What xml parser are you using? I would guess that somewhere in that string is a character, possibly hidden, or maybe it's "ø" which makes your parser crash.
Edit (in response to the OP's comment)
I will try to guess what is happening and hope you can use my guess to resolve what is actually happening. So when you created the xml file you used some editor. This editor used a particular encoding. This means that it transferred the characters on your screen into bytes on your disk using a particular mapping from character into bytes (it encoded the characters into bytes). There are many different encodings, one common encoding is called Latin-1. So let's assume the file was encoded using Latin-1. After creating it, you transferred the file onto another machine where you opened it in a different editor. Now, how does the new editor know the encoding of the file? The answer is that it probably tried to guess the encoding. Now here is where the problem arises: it guessed wrong and interpreted the bytes using an encoding other than Latin-1.

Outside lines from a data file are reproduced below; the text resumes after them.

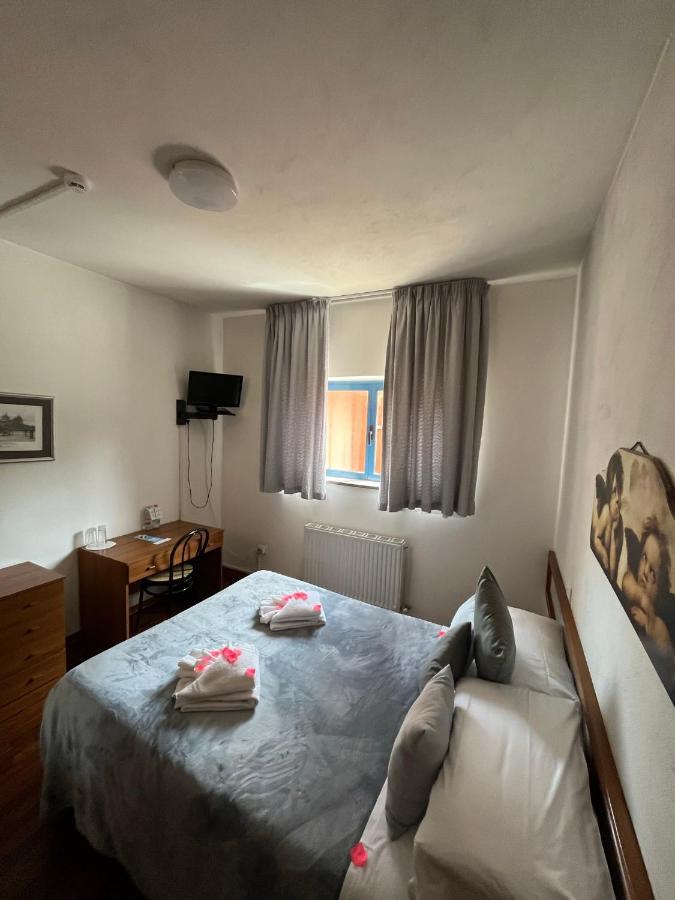 Hotel Cristallo Gran Sasso LʼAquila Esterno foto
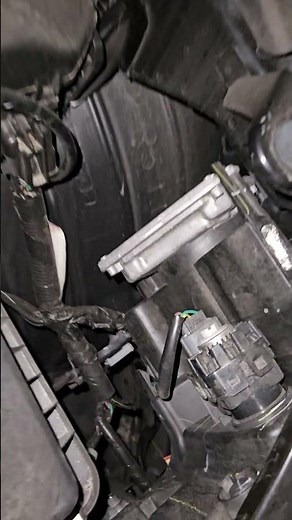 Noise in mazda cx-30 ballast headlight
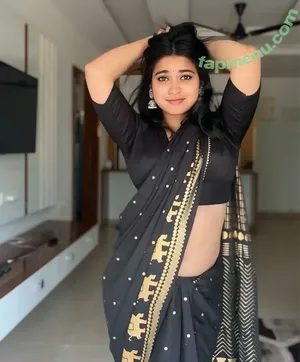 Saloni Singh / Saloniyaapa.7 nude photo #0007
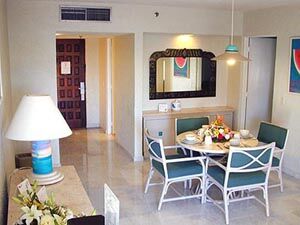 Park Royal Piramides Cancun - Unit Dining Area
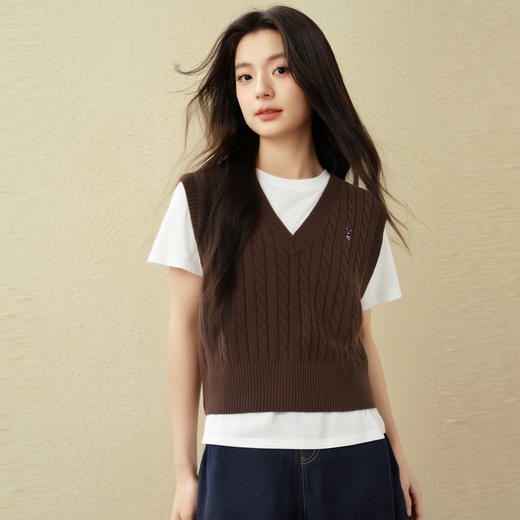 【严选】诗凡黎全羊毛绞花针织马甲背心2025秋新款软糯百搭无袖刺绣上衣女7G8132021 商品图3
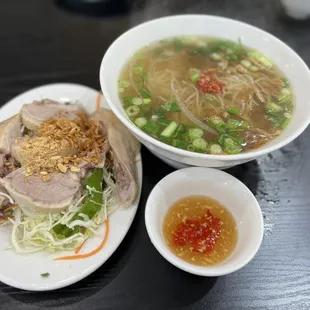 food, ramen and noodles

While you have your (garbled) file open in an editor try selecting different encodings from the menu. The one that displays all your special characters correctly is likely to be the one used when the file was created.
Edit 2
But my other question remains: what xml parser are you using?
Edit 3
Ok, so now when you write "crashing", do you actually mean crashing or does it just return? Do you get an error message? If yes, what? Can you do the following:
Remove the funny characters from this line and run your code on the following:
<text><![CDATA[l es tu principal reto, objetivo o problema?]]></text>
Does it still crash?